Task
Copy exactly the lines of the records below, starting at the line that contains "Đồng Hồ Báo" and continuing through the last line, both included; omit any pictures.

(Data records)
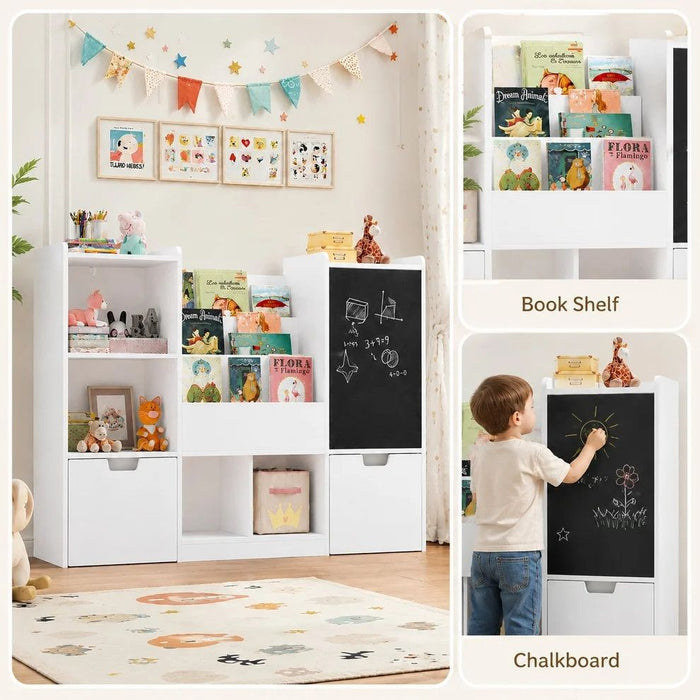 Детски органайзер за играчки Ginger Home - С черна дъска, етажерка, 2 чекмеджета и 6 отделения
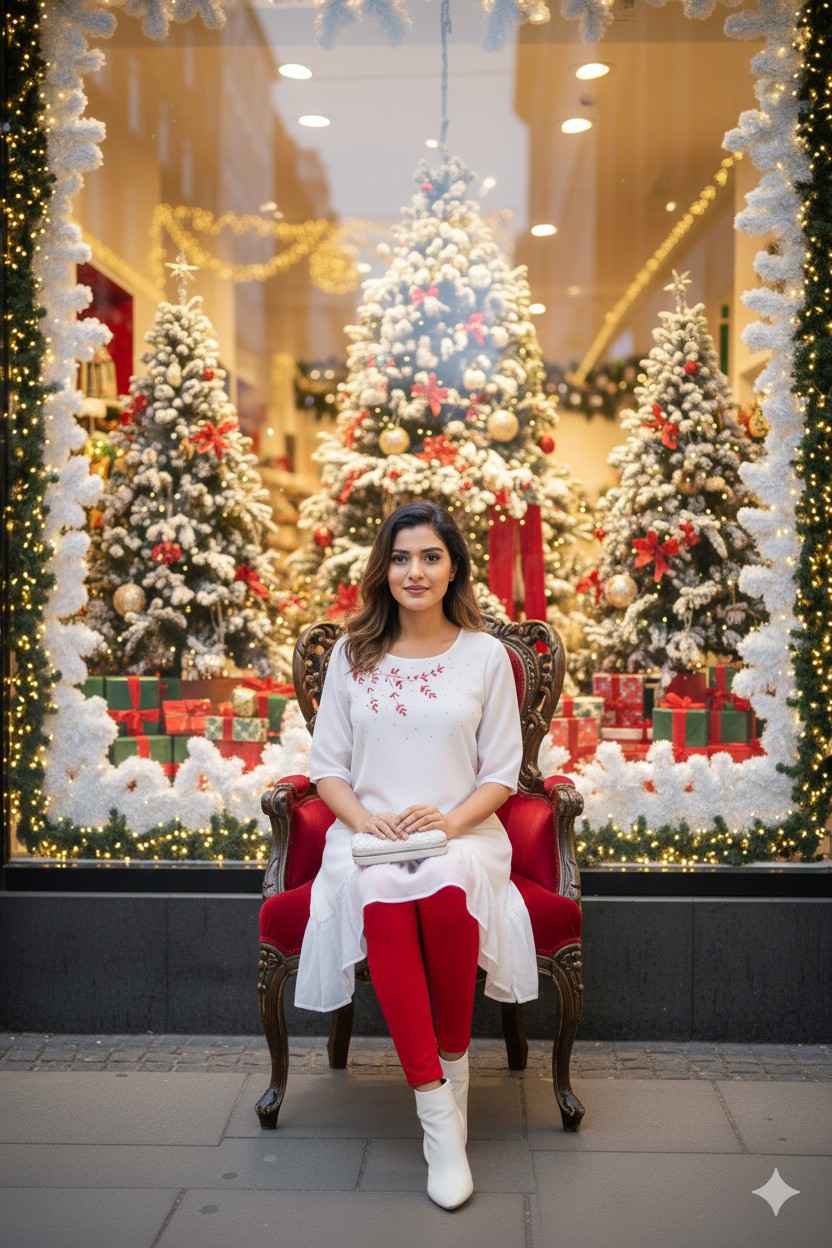 White and Red beeds work with thread Soft Georgette (Top Only) - Image 3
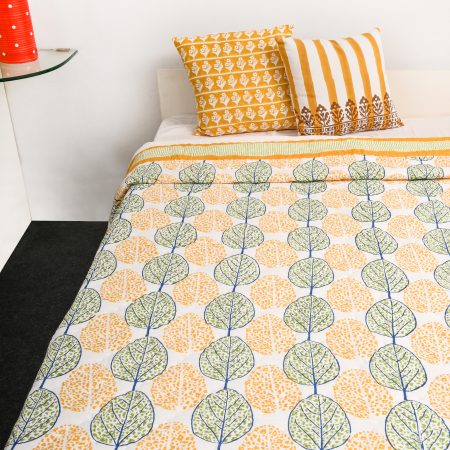 Limeade Block Printed Cotton Quilt - Image 2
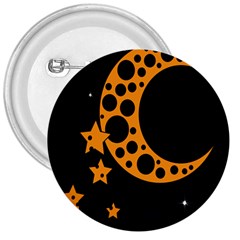 Moon Star Space Orange Black Light Night Circle Polka 3  Buttons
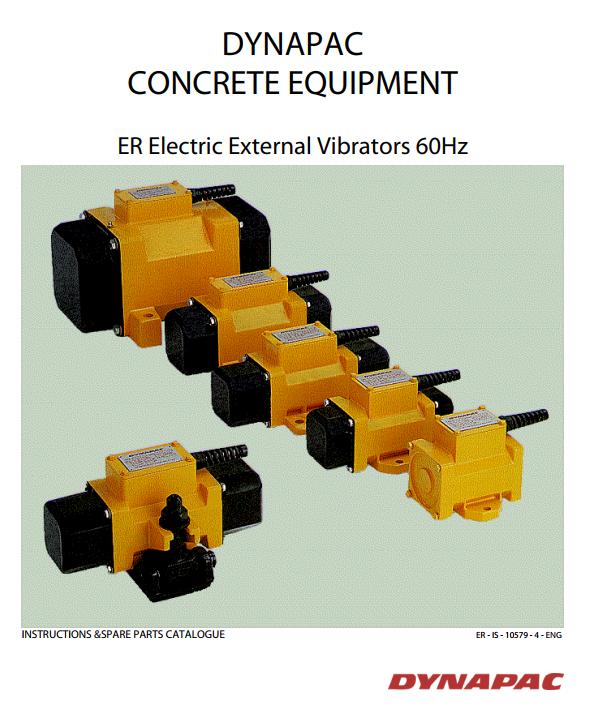Dynapac Electric External Vibrators 60Hz ER Instruction Spare Parts Catalogue
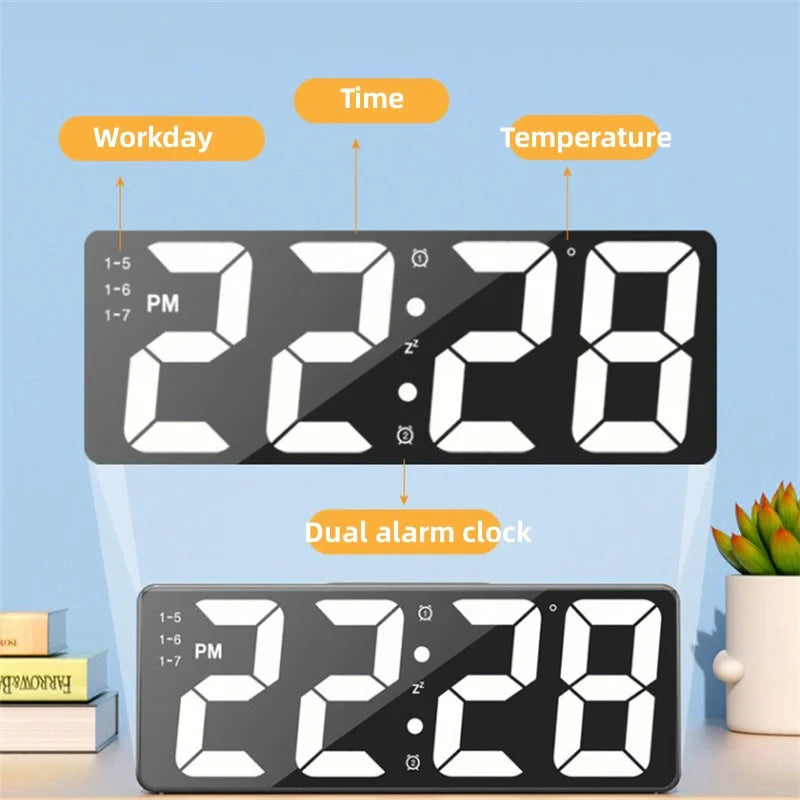 Đồng Hồ Báo Thức LED Để Bàn, Hiển Thị Nhiệt Độ, Độ Sáng Điều Chỉnh - Daisan Mart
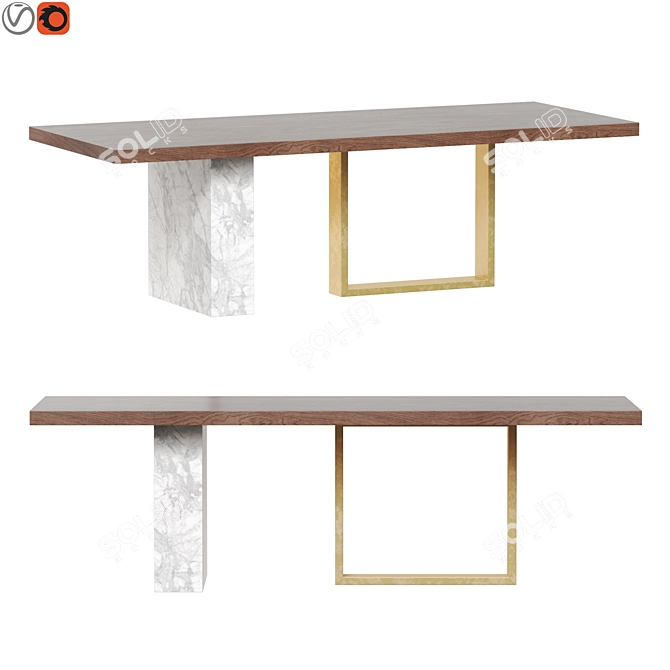 Milla & Milli Elegant Dining Table 3D model image 1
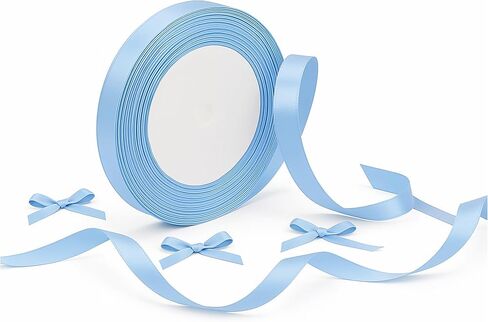 LJY Multicolour Ribbon 0.59 in x 24 Yards, Baby Blue Satin Fabric Silk Ribbon for Gift Wrapping,Floral Bouquets, Wreaths,DIY Handicrafts,Sewing Projects, Wedding Party (Light Blue, 0.59"/24 Yards) in Kuwait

Exercise result
 Đồng Hồ Báo Thức LED Để Bàn, Hiển Thị Nhiệt Độ, Độ Sáng Điều Chỉnh - Daisan Mart
 Milla & Milli Elegant Dining Table 3D model image 1
 LJY Multicolour Ribbon 0.59 in x 24 Yards, Baby Blue Satin Fabric Silk Ribbon for Gift Wrapping,Floral Bouquets, Wreaths,DIY Handicrafts,Sewing Projects, Wedding Party (Light Blue, 0.59"/24 Yards) in Kuwait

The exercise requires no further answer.